Anders dan Vattenfall stelt heeft Isiflo een rechtmatig belang bij haar vordering.
De rechtbank stelt hierbij het volgende voorop.
Het gaat in deze zaak om ongeveer 44.000 warmteafleversets (hierna: sets) die gedurende vele jaren door Isiflo aan Vattenfall zijn geleverd. Volgens Vattenfall voldoen de sets niet aan de met haar gesloten overeenkomsten. Vattenfall stelt dat tussen 1 juli 2018 en
7 september 2022 circa 6.622 lekkages zijn geconstateerd alsmede dat van de circa 4.800 geplaatste voorkeuzesets er inmiddels 3.597 zijn vervangen omdat daarbij problemen (onder meer warmtapwaterklachten) zijn ontstaan. Vattenfall voert voorts aan dat zij verwacht dat dit aantal de komende jaren verder zal toenemen en dat zij aanvankelijk heeft geprobeerd de defecte warmtesets te repareren of te vervangen. Vattenfall stelt dat zij al circa 11.000 sets heeft vervangen en dat zij nu heeft besloten om schadebeperkend te handelen door alle sets volledig te gaan vervangen in plaats van preventief onderhoud te verrichten, onder meer omdat deze oplossing de minste kans biedt op vervolgschade. Vattenfall begroot de schade die zij heeft geleden als gevolg van de vervanging en/of reparatie van de door Isiflo geleverde sets op dit moment op € 7.921.035,--
2.9.
Met deze stellingen van Vattenfall is niet zonder meer gegeven dat (nagenoeg alle) door Isiflo geleverde sets niet aan de overeenkomsten beantwoorden.

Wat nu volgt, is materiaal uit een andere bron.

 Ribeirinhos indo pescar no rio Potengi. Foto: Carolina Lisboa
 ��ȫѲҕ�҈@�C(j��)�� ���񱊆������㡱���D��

Het is weliswaar goed mogelijk dat de klachten geheel veroorzaakt zijn door productiefouten in de sets (waarbij Vattenfall heeft gewezen op pakkingen die voor onvoldoende dichtheid zouden hebben gezorgd en onvolkomenheden in de software waardoor zich in de aansturing en de regeling van de kleppen een aantal onregelmatigheden voordoen), maar anderzijds is het ook mogelijk – zoals Isiflo heeft betoogd – dat de klachten al dan niet deels veroorzaakt zijn door buiten Isiflo gelegen factoren (waarbij Isiflo heeft gewezen op fouten tijdens de installatie of reparatie van sets of door eigenschappen van het water als te hoge druk of temperatuur). Isiflo stelt dat eigen onderzoek aan haar sets geen (duidelijke) oorzaak voor de klachten aan het licht heeft gebracht en dat andere afnemers van haar sets geen vergelijkbare problemen met de sets bij haar hebben gemeld. Isiflo wenst op basis van de door Vattenfall te verstrekken informatie te onderzoeken of externe factoren de klachten hebben kunnen veroorzaken.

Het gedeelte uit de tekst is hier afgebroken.